→ Caption-style text data:
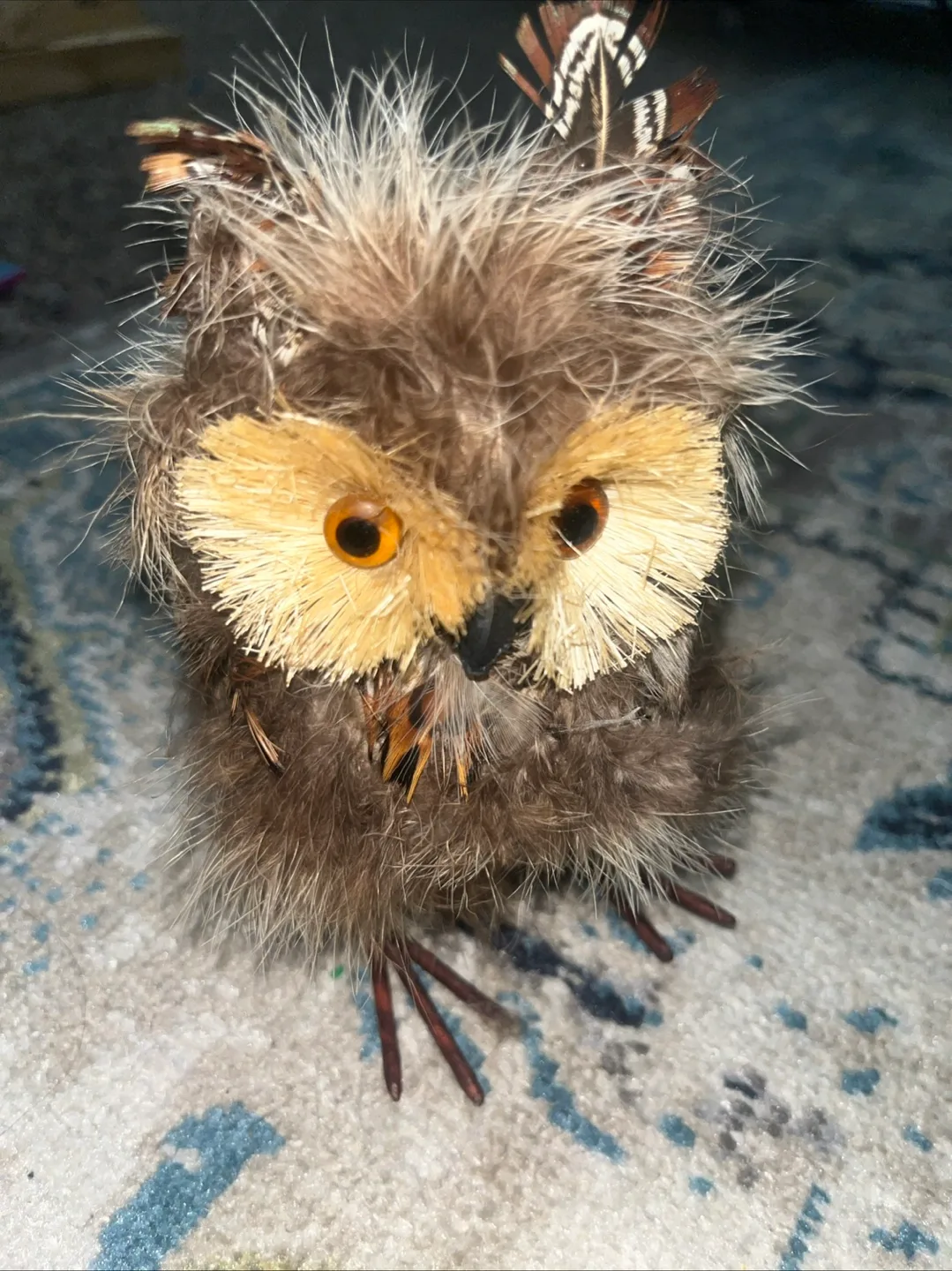 Feathered Owl Decoration thumbnail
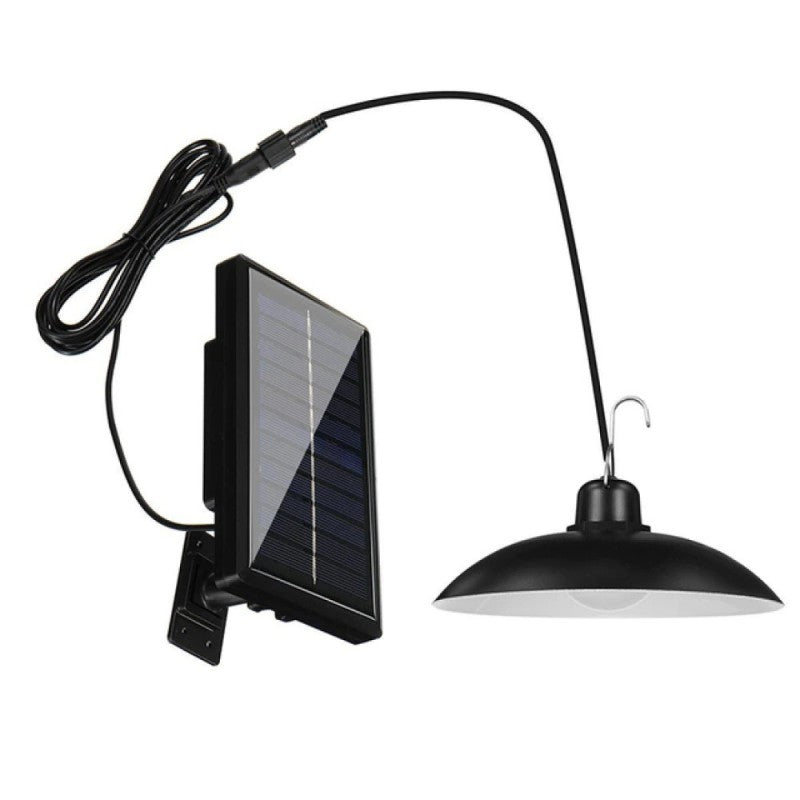 Lampa Solara IP65, 400lm, Telecomanda, Panou Solar fixare in pamant/perete/copac, 2200mah, lumina alb rece XF-707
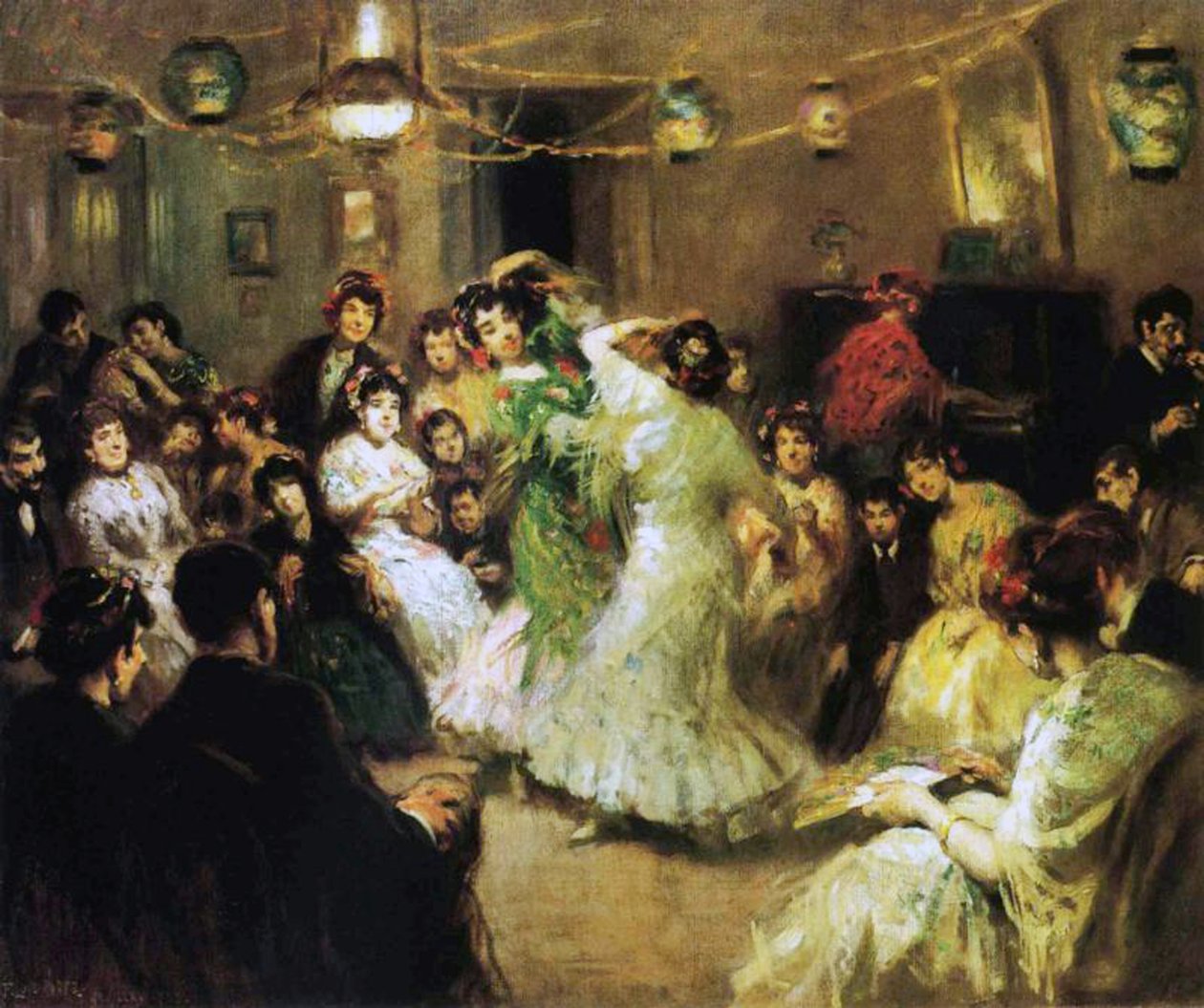 Flamencobileet kotona, 1908 tekijältä Francis Luis Mora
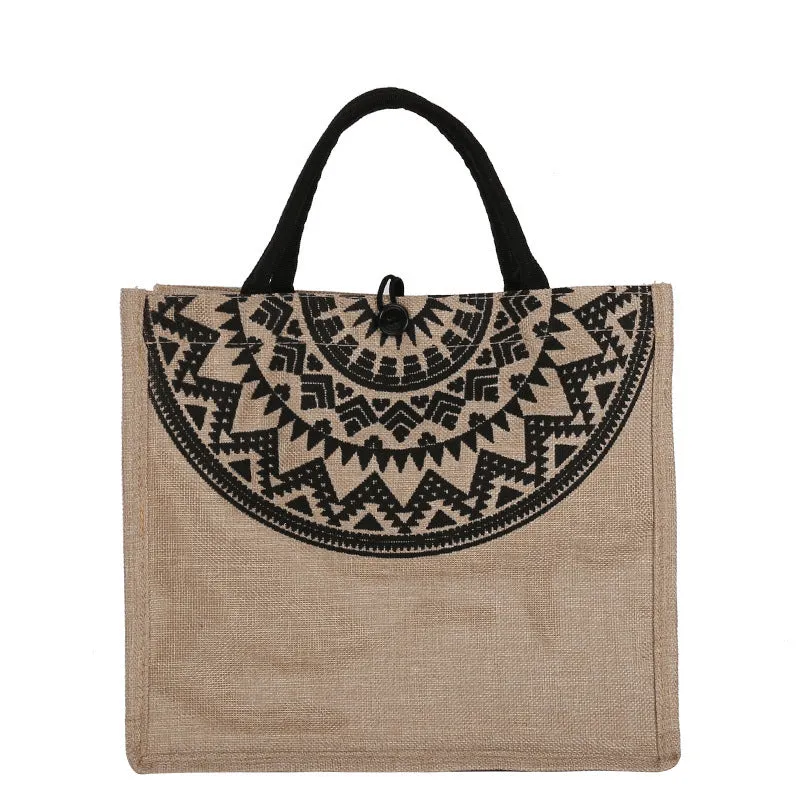 Wholesale Canvas Linen Texture Handbags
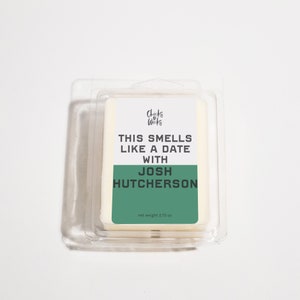 Dies riecht nach Josh Hutcherson Wax Melt︱Starkerze | Geschenk für Freundin︱Geschenk für Sie | Duftwachs Melt︱ Chicks Love Dochte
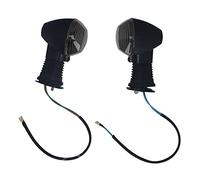 Indicatori di direzione anteriori per moto a LED, coppia di indicatori di direzione luminosi per DL 1000 V-Strom 2006-2012, DL 650 V-Strom 2004-2011, materiale ABS (Nera)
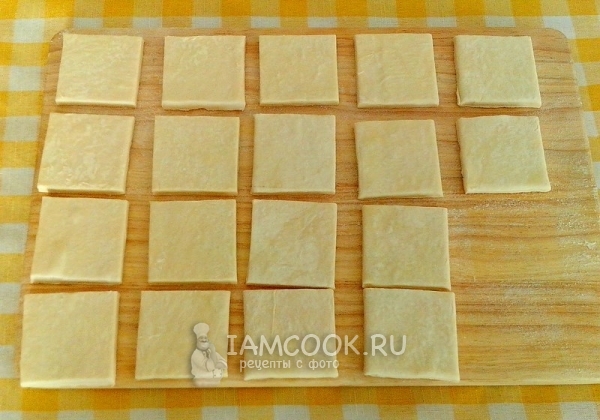 Порезать тесто на квадраты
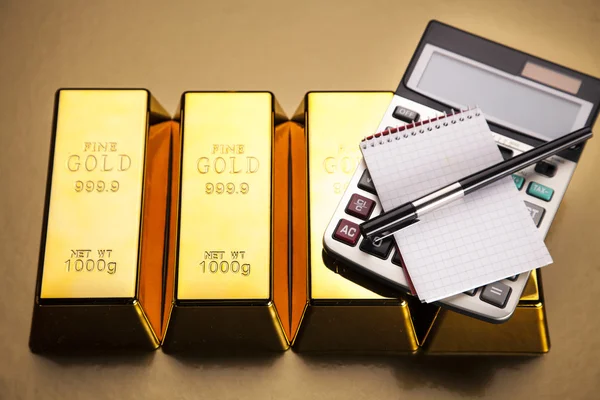 Gold bars! Money and financial — Stock Photo, Image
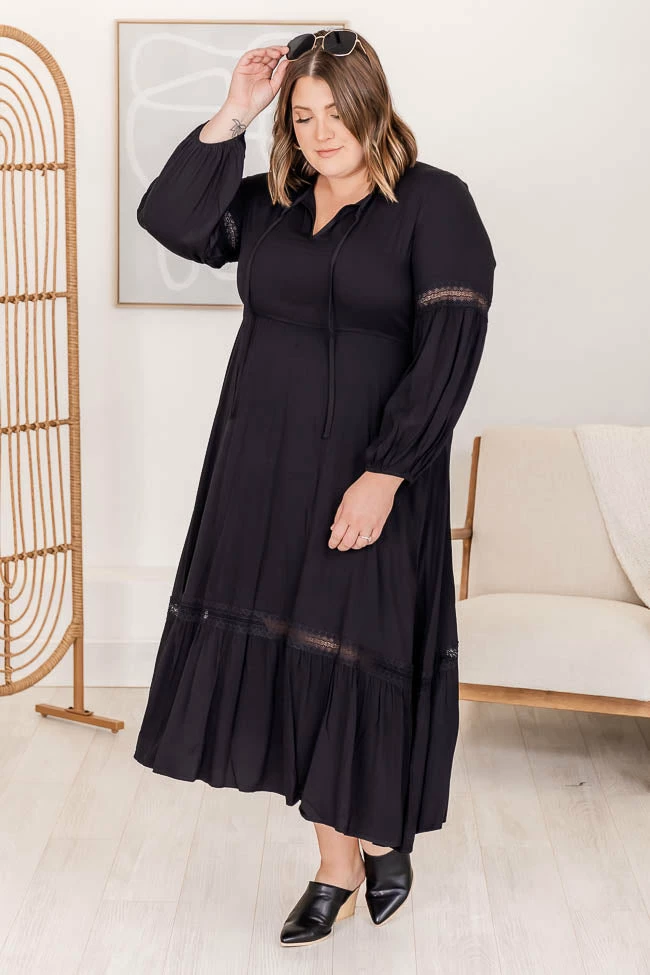 Best Pirce π₯ Pink Lily Untamed Beauty Black Lace Trim Detail Long Sleeve Midi π Dress β€οΈ 10 Best Pirce π₯ Pink Lily Untamed Beauty Black Lace Trim Detail Long Sleeve Midi π Dress β€οΈ - Image 10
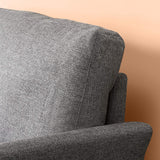 Jackie Loveseat Sofa / Easy, Tool-Free Assembly, Soft Grey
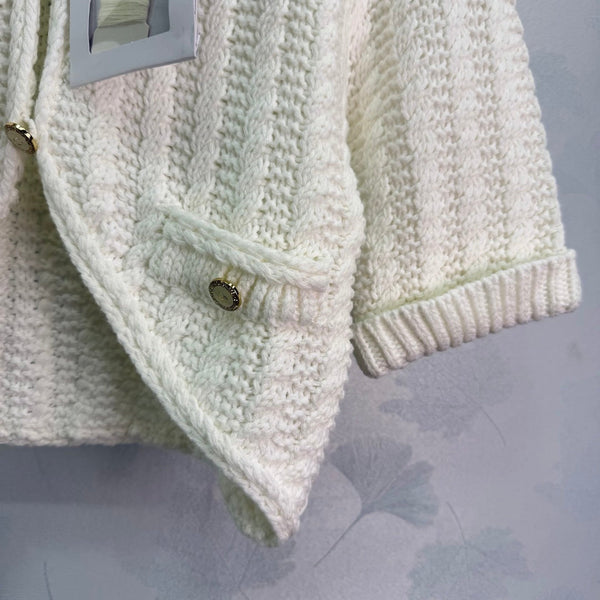 Gilet en maille blanc CC 26S 345133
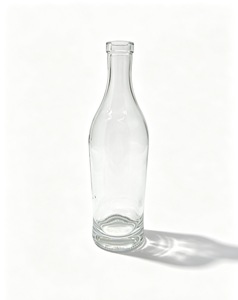 Botella de Vidrio Personalizada al por Mayor, Artículo Popular, Botella Transparente Gruesa para Licores con Tapón de Corcho de Madera para Ron Especiado y Tequila con Infusión de Frutas - Product Image 2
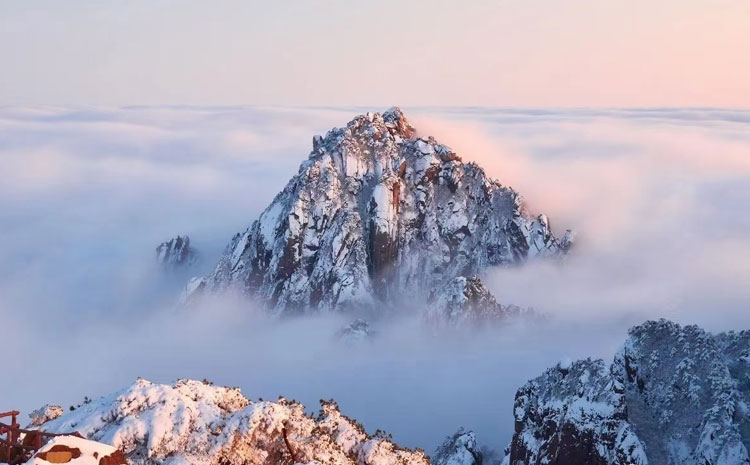 黄山冬雪全景 图示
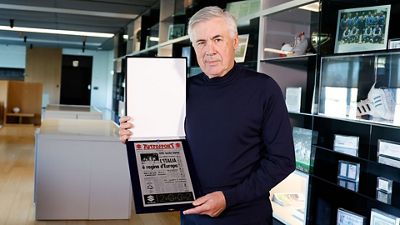 Ancelotti wins 2022 ‘Vittorio Pozzo’ European Golden Boy award for best coach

→ About this exercise:
From the first line to the last, repeat the records exactly, leaving out the pictures.

→ Answer section:
 Feathered Owl Decoration thumbnail
 Lampa Solara IP65, 400lm, Telecomanda, Panou Solar fixare in pamant/perete/copac, 2200mah, lumina alb rece XF-707
 Flamencobileet kotona, 1908 tekijältä Francis Luis Mora
 Wholesale Canvas Linen Texture Handbags
 Dies riecht nach Josh Hutcherson Wax Melt︱Starkerze | Geschenk für Freundin︱Geschenk für Sie | Duftwachs Melt︱ Chicks Love Dochte
 Indicatori di direzione anteriori per moto a LED, coppia di indicatori di direzione luminosi per DL 1000 V-Strom 2006-2012, DL 650 V-Strom 2004-2011, materiale ABS (Nera)
 Порезать тесто на квадраты
 Gold bars! Money and financial — Stock Photo, Image
 Best Pirce π₯ Pink Lily Untamed Beauty Black Lace Trim Detail Long Sleeve Midi π Dress β€οΈ 10 Best Pirce π₯ Pink Lily Untamed Beauty Black Lace Trim Detail Long Sleeve Midi π Dress β€οΈ - Image 10
 Jackie Loveseat Sofa / Easy, Tool-Free Assembly, Soft Grey
 Gilet en maille blanc CC 26S 345133
 Botella de Vidrio Personalizada al por Mayor, Artículo Popular, Botella Transparente Gruesa para Licores con Tapón de Corcho de Madera para Ron Especiado y Tequila con Infusión de Frutas - Product Image 2
 黄山冬雪全景 图示
 Ancelotti wins 2022 ‘Vittorio Pozzo’ European Golden Boy award for best coach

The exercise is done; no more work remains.